Some questions to soothe the anxiety commonly induced by Monday madness and melancholy:
– What’s the worst thing that could happen today?
– How likely is it that that thing will happen?
– Am I going to give others the power to offend me?
Remember that it is we who torment, we who make difficulties for ourselves – that is, our opinions do. What, for instance, does it mean to be insulted? Stand by a rock and insult it, and what have you accomplished? If someone responds to insult like a rock, what has the abuser gained with his invective? – Epictetus
– Does it matter what others think of me?
– Who is one person who could use an encouraging word today?
– If I should get fired (or in some way “fail”) at work today, what good might come from that?
– What is going well?
– In what way can I set an example for my colleagues/clients/family today? (Perhaps through kindness, a listening ear, diligence, eating a healthy lunch/dinner?)
– What am I doing better now than I used to? What helped me get there? Who helped me get there?
– What faculties and abilities do I take for granted that allow me to do what I do?
– Why am I at this place? What led me here? What keeps me?
And Some Phrases/Reminders to Tell Yourself ❤
– Who I am today is not who I was yesterday. I am stronger and more knowledgeable. I’ve learned from yesterday’s mistakes.
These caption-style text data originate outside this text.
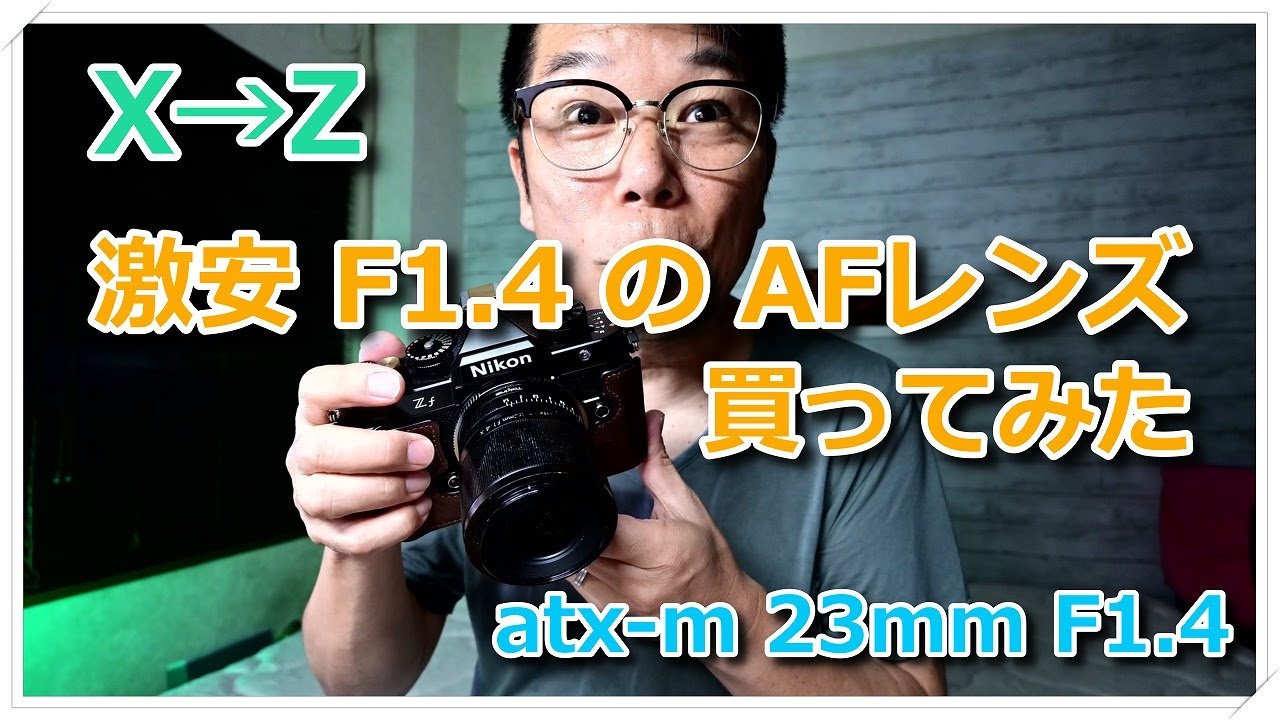 ★完動品＊美品★nikon f★f1.4レンズセット★動作確認済み＊作例多数 l.jpg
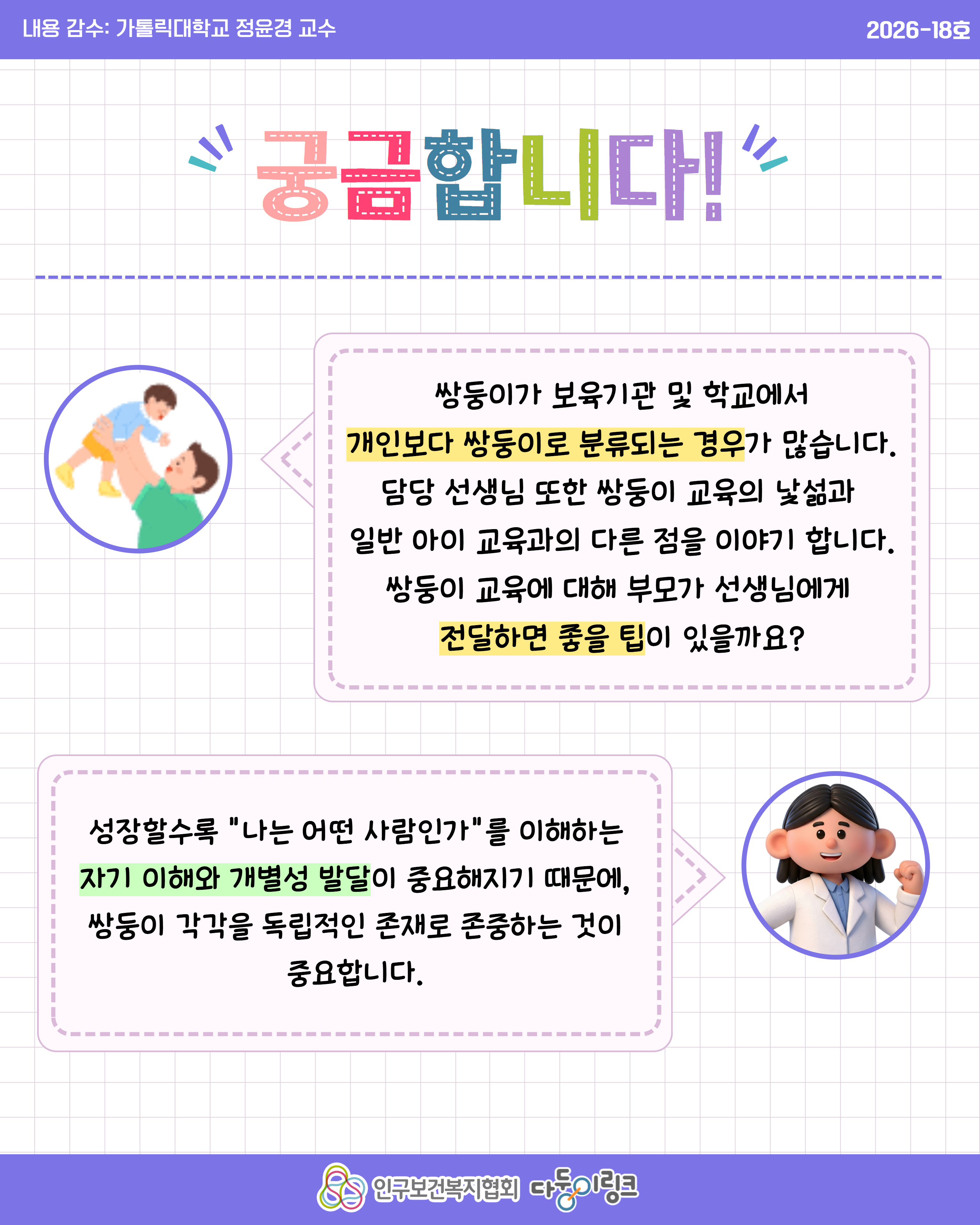 비교에 익숙한 쌍둥이 이렇게 해주세요 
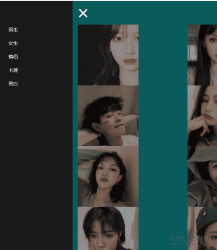 2021-05-06QQ微信头像自动采集网站PHP源码-爱极客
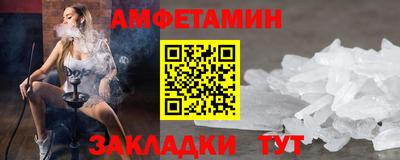 молекула духа Обнинск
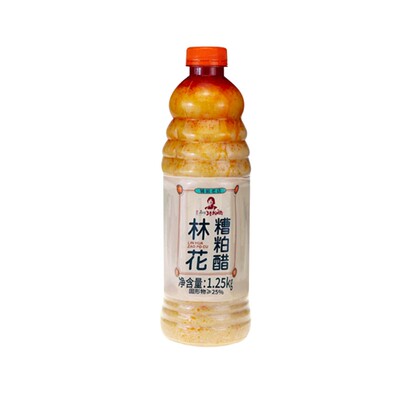 林花糟粕醋火锅底料海南正宗铺前老街老字号酸辣汤底瓶装门店同款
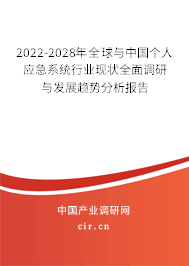 2022-2028年全球與中國個人應急系統(tǒng)行業(yè)現(xiàn)狀全面調研與發(fā)展趨勢分析報告 2022-2028年全球與中國個人應急系統(tǒng)行業(yè)現(xiàn)狀全面調研與發(fā)展趨勢分析報告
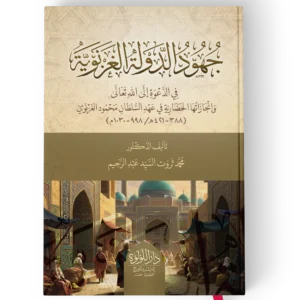 جهود الدولة الغزنوية في الدعوة الي الله تعالي وانجازتها الحضارية في عهد السلطان محمود الغزنوي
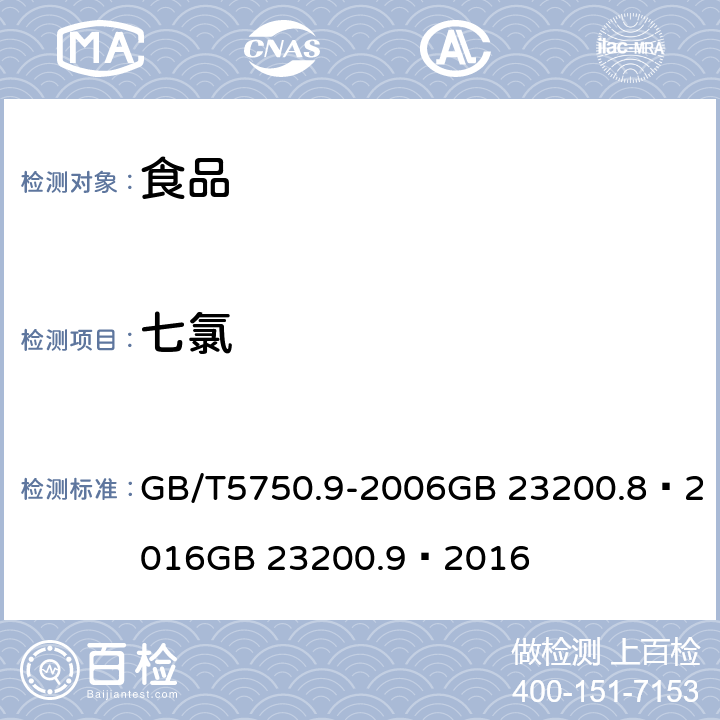 七氯 生活饮用水标准检验方法农药指标 食品安全国家标准 粮谷中 475 种农药及相关化学品残留量的测定（气相色谱- 质谱法） 食品安全国家标准 水果和蔬菜中 500 种农药及相关化学品残留量的测定 （气相色谱-质谱法） GB/T5750.9-2006GB 23200.8—2016GB 23200.9—2016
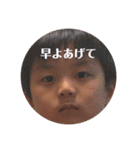 イケイケ！！ネクストイノベーション②（個別スタンプ：7）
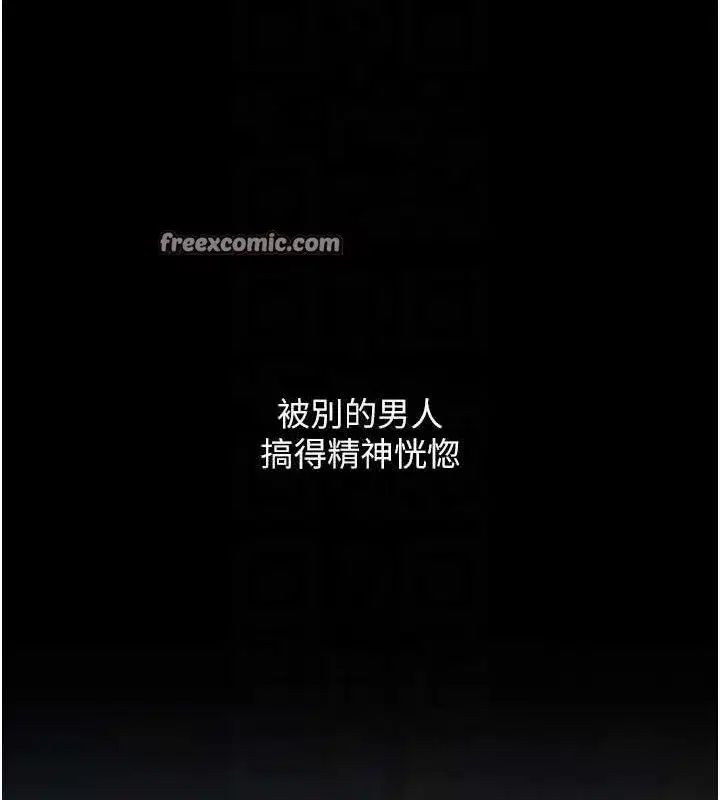 第84話-回味再三的肉棒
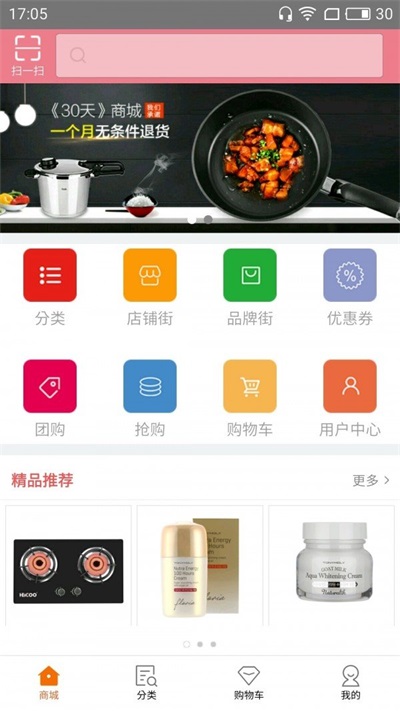 30天商城截图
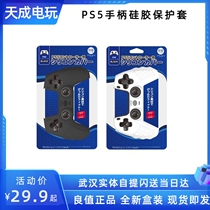 Good value PS5 controller silicone cover PS5 silicone protective cover PS5 game controller protective cover anti-slip soft cover
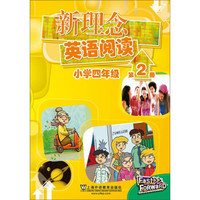 新理念英语阅读(小学4年级 第2册)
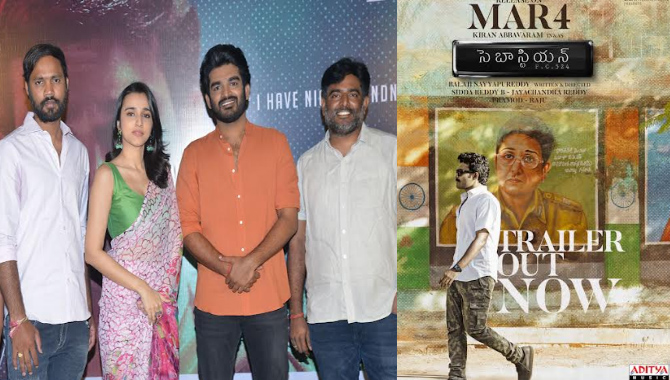 ‘సెబాస్టియన్‌ పిసి524’ ట్రైలర్  విడుదల చేసిన విజయదేవరకొండ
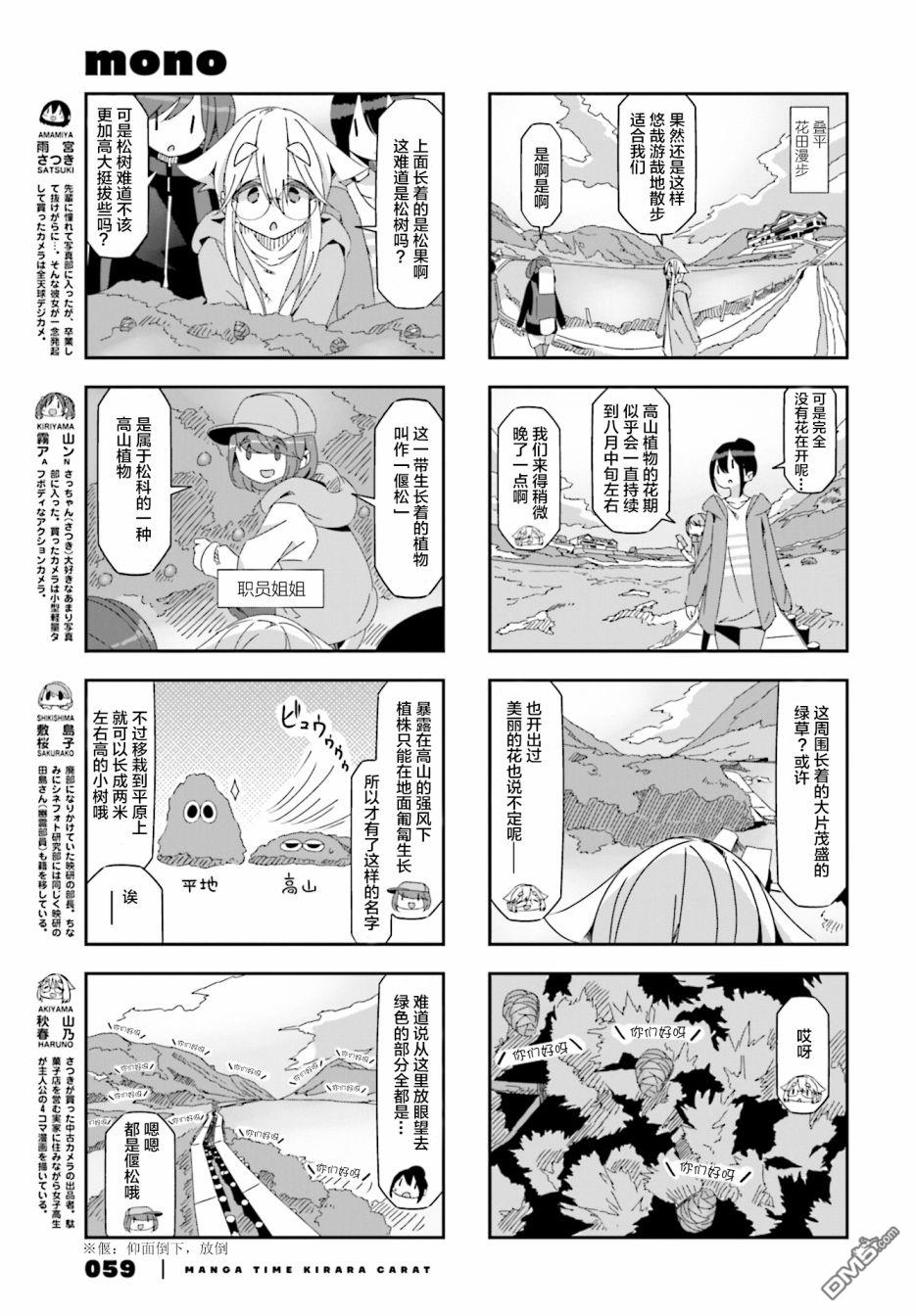 mono 第25话 第3页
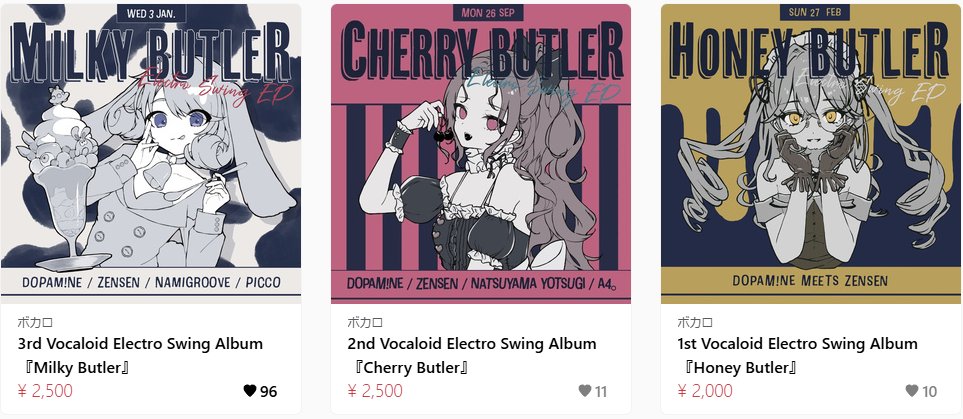 VOCALOID × エレクトロスウィングコンピレーションアルバム 🍯『Honey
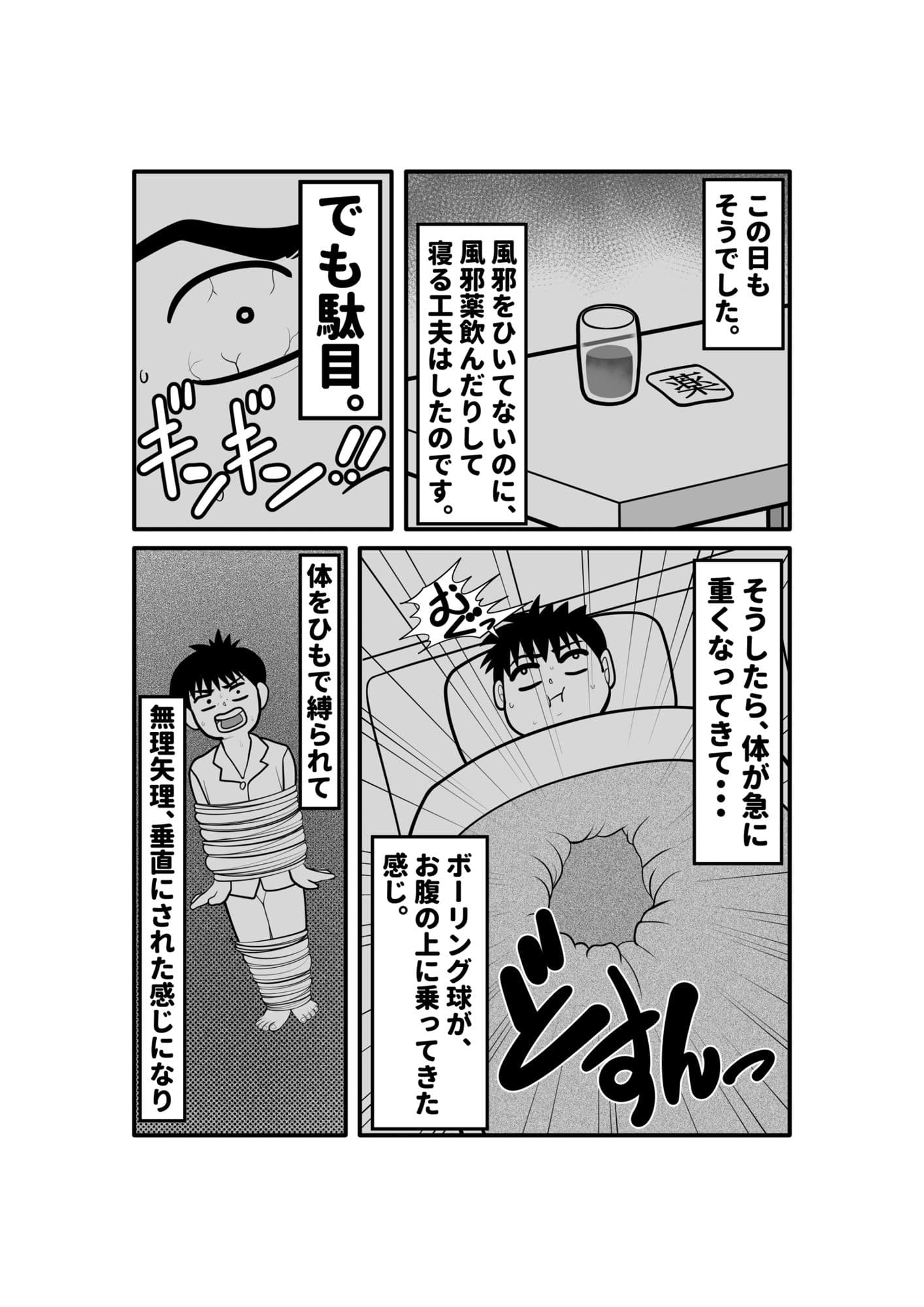 幽霊が出たので、無責任中出しセックスしてみた。前編 サンプル画像 3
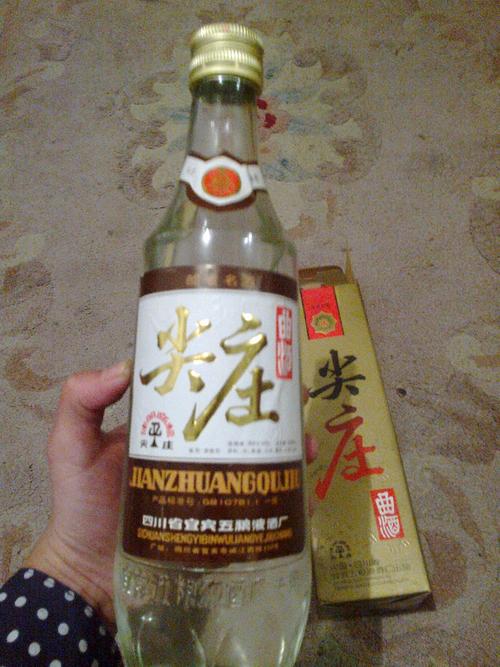 剑南春官网网站（剑南春官方网）-图1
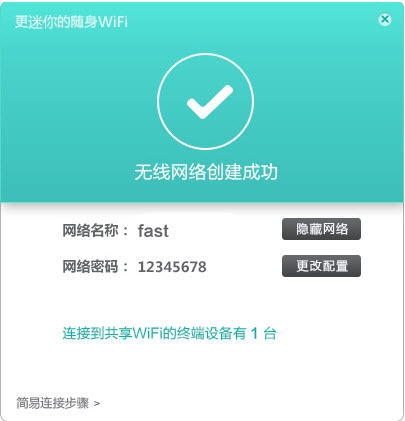 FAST迅捷S3隨身wifi驅(qū)動(dòng)正式版0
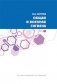 Общая и военная гигиена. Часть 2 фото книги маленькое 2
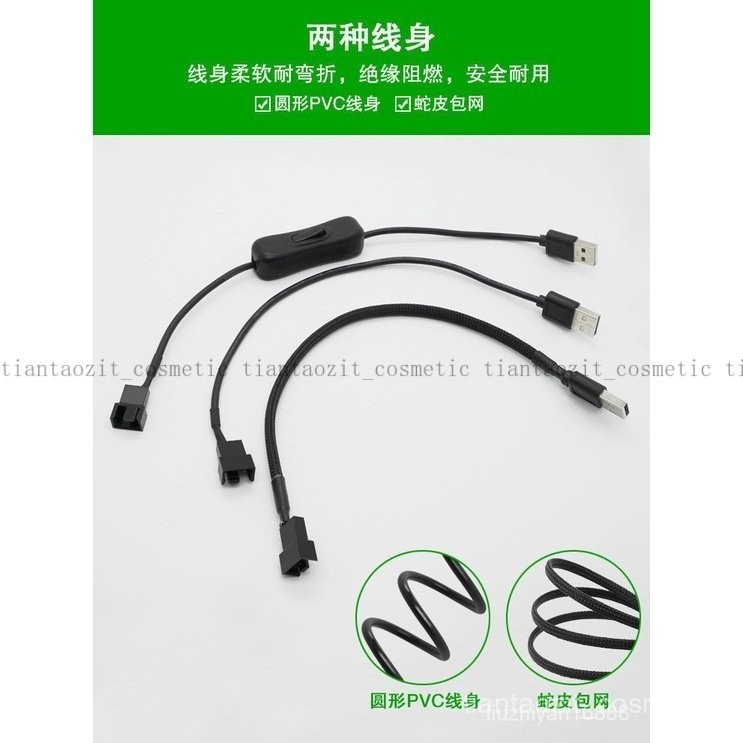 爆款+免運USB轉4Pin開關綫 電腦機箱風扇綫 USB綫帶開關 一分二風扇轉接綫 OSDT【圖片僅供參考】 9QXM | 蝦皮購物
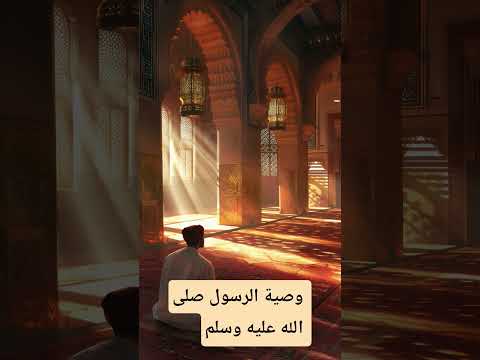 قال النبي ﷺ خصلتان يسيرتان من حافظ عليهما دخل الجنة حديث نبوي مؤثر يهز القلوب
– My mistakes (even those mistakes I’ve accidentally repeated) do not define me. They do not diminish or describe my character, and they largely point to my level of fatigue, stress, or workload. My “success” or “failure” within this sphere of life cannot amount to or measure my worth.
– Nothing others say to me can be offensive to me unless I permit it to be.
– Others may express disappointment in me, but I am giving my very best, and seeking/implementing feedback where I can, so I have no reason to be disappointed in myself. I am only human.
– There is more to life than this workplace/position/season. And instead of pulling work into the rest of my life, I’m going to endeavor to bring beauty and life to this place.
– There will be some people who just don’t like me – no matter how hard I try to be friendly and likable – and that is perfectly OK.